Active Forest Management Over Reactive Forest Management
One of the ways in which we can help forests overcome the more recent modern stressors such as catastrophic wildfires, insect infestations, invasive plant species, disease, etc. is by choosing active forest management over reactive forest management.
“Stewardship of our forest resources through forest management is an ecological solution to many of our modern-day problems. Namely, forest degradation, economics, insects and disease [...],” states Vinh Lang in Sometimes a Wild Notion: Wilderness vs. Forest Management. “This strategy is not mutually exclusive of other goals in the common good including recreation, sportsmanship, water quality, biodiversity, forest health, or forest preserves.

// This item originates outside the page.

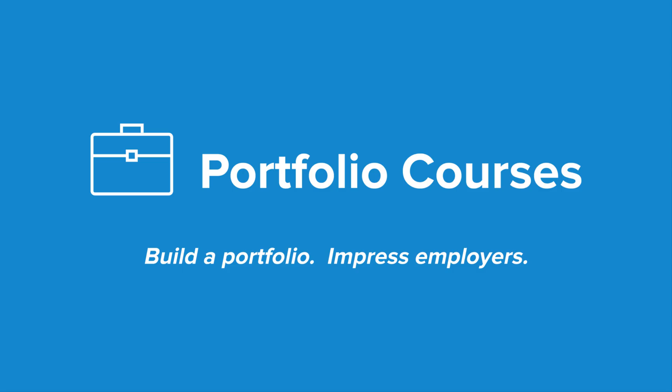Check out PortfolioCourses.com where we'll help you build a portfolio that will impress employers, including courses to help you develop C programming projects.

These can all be elevated through ecological management of our forests.”
And yet, despite the research and a growing understanding of how thinning and prescribed burns can help promote biodiversity and the long-term health of forests, there is still some resistance to active forest management. A pristine and “natural” view of nature still tends to remain, despite the clear history that has proved this idea to be a facade of our modern world.
Shifting Perspectives
The forest products industry is often met with resistance to any proposition of “nurture” – no matter how beneficial it may be to forest health or to society. It is difficult for the world to imagine how humans can help maintain and rebuild forests into diverse mosaics that provide all the essential functions that are required of such a complex ecosystem.
As J.A. McNeely describes in Nature vs. Nurture: Managing Relationships Between Forests, Agroforestry, and Wild Biodiversity, “The idea that nature exists as something separate from people has become part of the mythology of industrial society [...] The myth of virgin forest and nature untouched by humans is above all a myth of urban-dwelling people who are well separated from the reality of the forest. ”
With centuries of experience meddling in the forests, forest managers are now learning how to replicate their natural cycles and produce diverse stands that include both thinned, managed areas and untouched wilderness areas.